Reversible Zn2+/Al3+ intercalation in niobium-substituted polyoxometalates and demonstration of energy storage smart windows

Abstract

Electrochromic energy storage devices with diversified functions that can realize intelligent visualization of the energy status with the naked eye are highly desirable for intelligent electronic technology. Polyoxometalates (POMs) as a promising electrochromic energy storage material are bottlenecked by limited choices in the electrolyte to achieve high-performance electrochromic smart windows. Herein, we report a novel tri-niobium substituted Dawson-type POM α-K₉[P₂W₁₅Nb₃O₆₂]·18H₂O (P₂W₁₅Nb₃) coated TiO₂ as an electrochromic electrode for non-aqueous electrochromic energy storage smart windows, utilizing a dual-ion electrolyte with Zn²⁺ and Al³⁺. Our findings suggest that the synergistic effects of the dual-ion Zn²⁺/Al³⁺-ion electrolyte on P₂W₁₅Nb₃ films greatly promote the electrochromic and electrochemical properties: high optical contrast (90% at 650 nm) in the 350–1500 nm range, large areal capacity (52 mF cm⁻² at 0.66 mA cm⁻²), fast switching time and good cycling stability.

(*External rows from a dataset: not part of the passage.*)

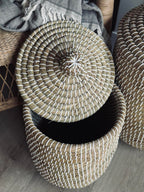 Courbe & Panier En Herbe Marine | Ensemble Décoratif 2 Pièces | Valuna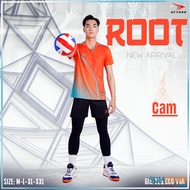 Áo Bóng Chuyền Beyono Root Cam Nam - Áo Thể Thao Cao Cấp Nam Nữ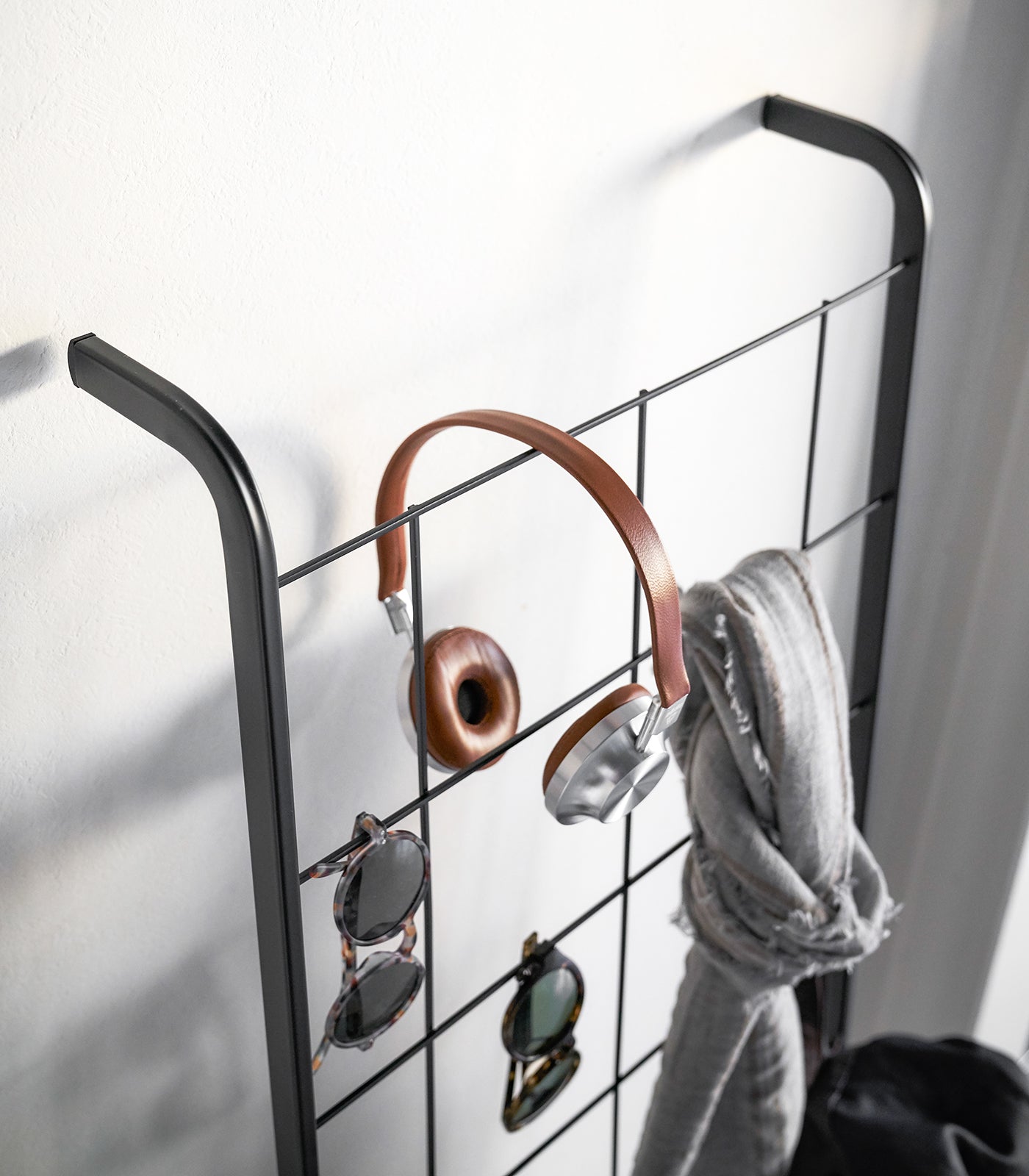 Leaning Ladder with Grid Panel (63" H)  - Steel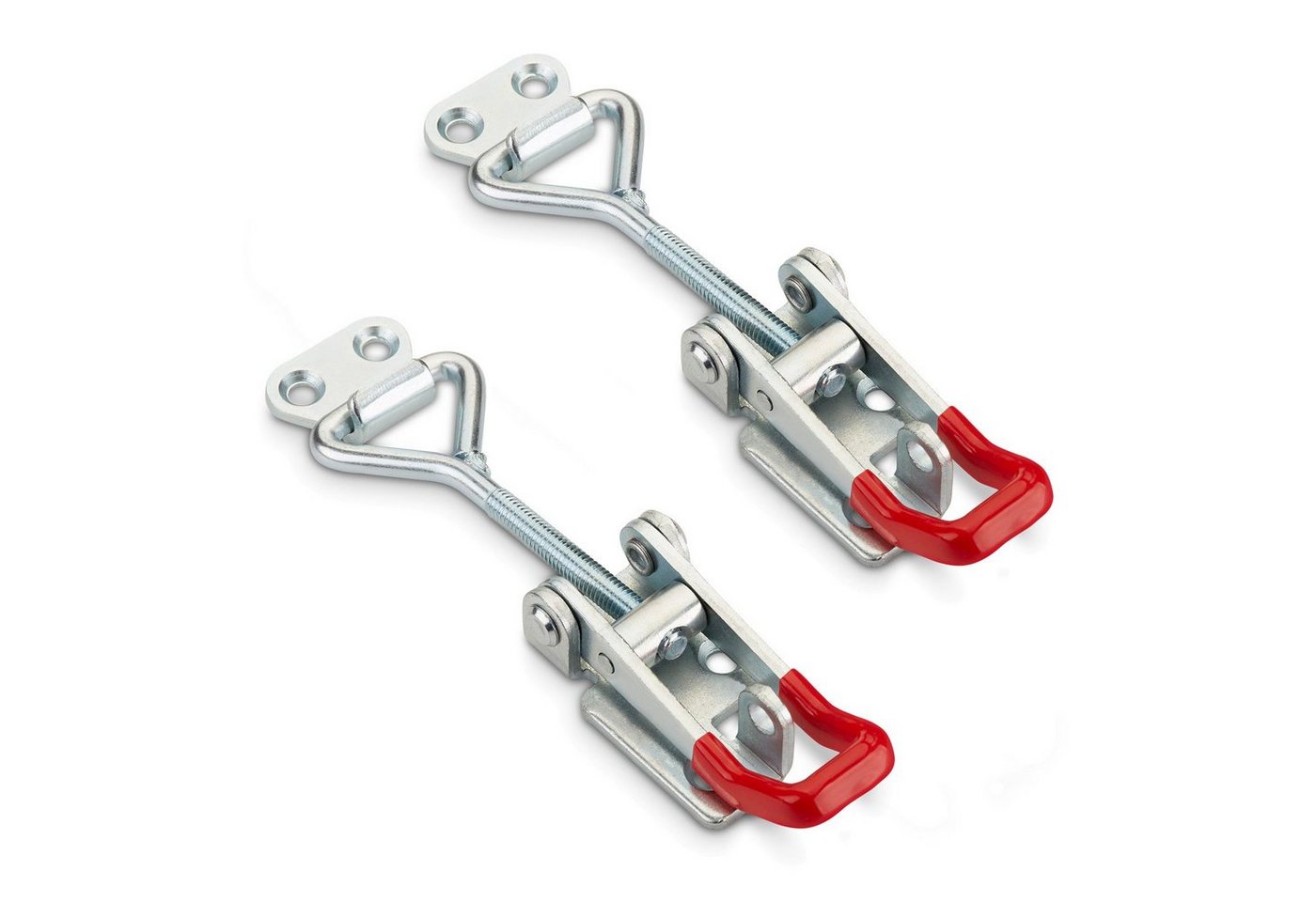 SO-TECH® Kastenriegelschloss Spannverschluss, verstellbarer Schnellspanner, M6 - Haltekraft 220 kg - abschließbar, (2-tlg), M6 (Haltekraft 220 kg, abschließbar) Stahl verzinkt von SO-TECH®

Remarkably, a bi-functional electrochromic energy storage device (EESD) was also successfully assembled using a P₂W₁₅Nb₃ composite film and a hydrothermally prepared NiO film. This dual-ion Zn²⁺/Al³⁺ electrolyte opens a new direction for the development of POM based smart windows with high contrast, long life-time stability and excellent energy storage.